> To do:
Restate the listing below word for word, pictures excluded.

> Input data:
* * *
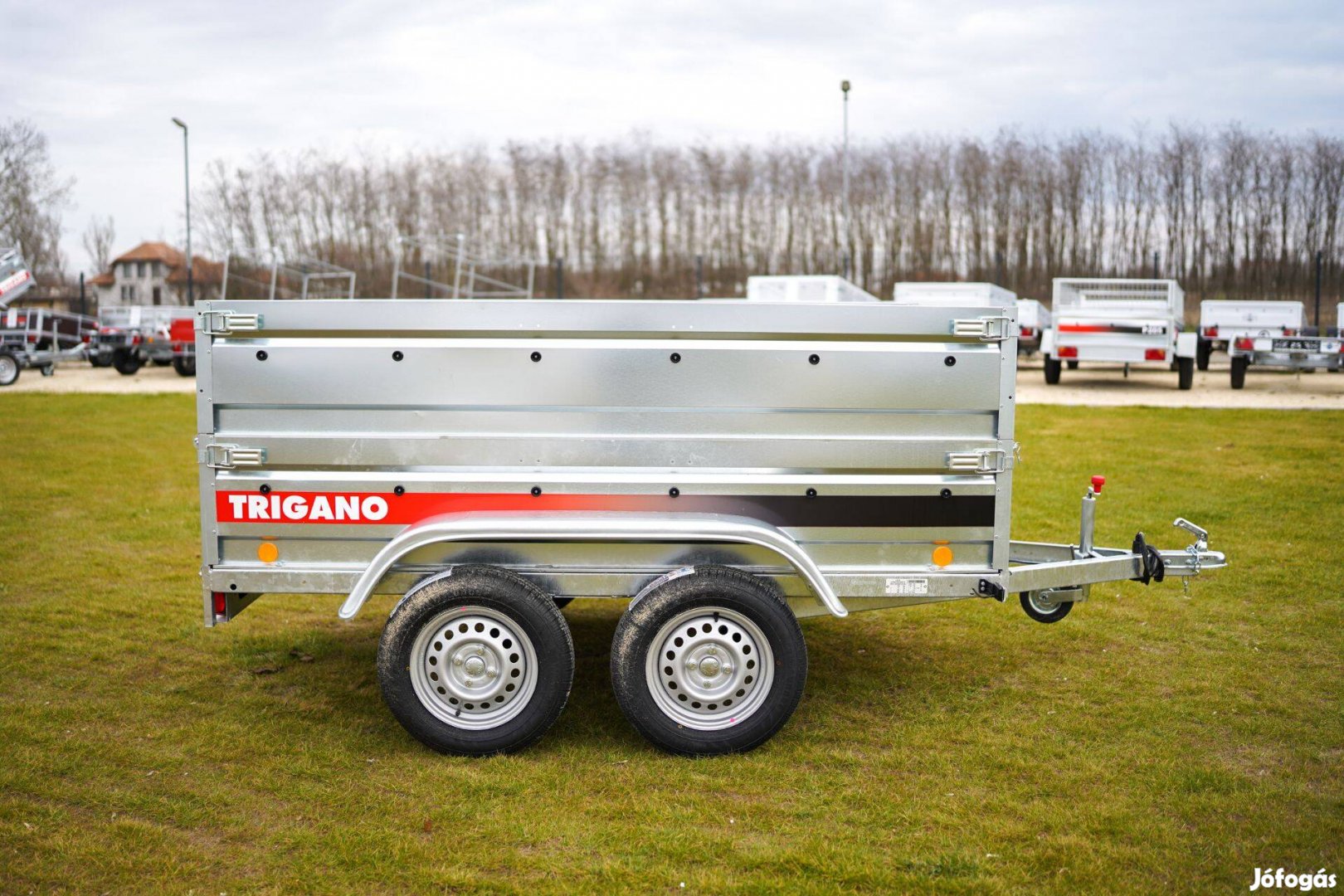 Polgáron új utánfutó 233x132cm dupla oldalfal rendszám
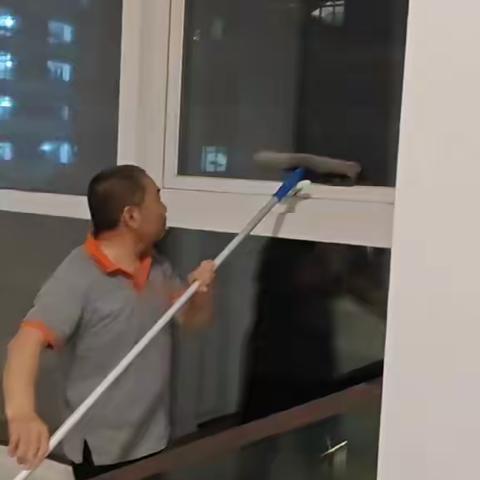 无声守护者：医疗后勤的 12小时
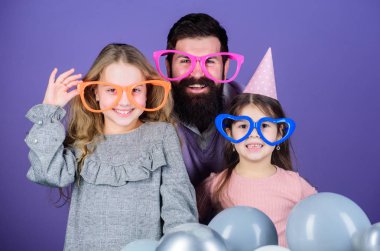 Güzel parti. Aile baba ve kızı parti gözlük takıyor. Aile partisi. Mutlu bir aile doğum günü partisi kutluyor. Baba ve kız çocuklar birlikte vaktinizi. Bir aile kutlaması sahip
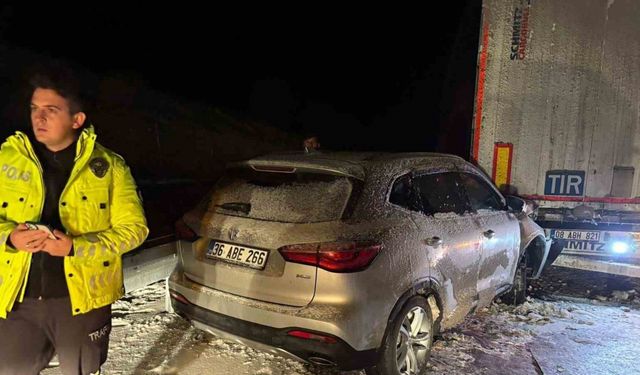 Sarıkamış’ta araçlar yolda mahsur kaldı, ekipler seferber oldu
* * *
> Final answer:
 Polgáron új utánfutó 233x132cm dupla oldalfal rendszám
 无声守护者：医疗后勤的 12小时
 Güzel parti. Aile baba ve kızı parti gözlük takıyor. Aile partisi. Mutlu bir aile doğum günü partisi kutluyor. Baba ve kız çocuklar birlikte vaktinizi. Bir aile kutlaması sahip
 Sarıkamış’ta araçlar yolda mahsur kaldı, ekipler seferber oldu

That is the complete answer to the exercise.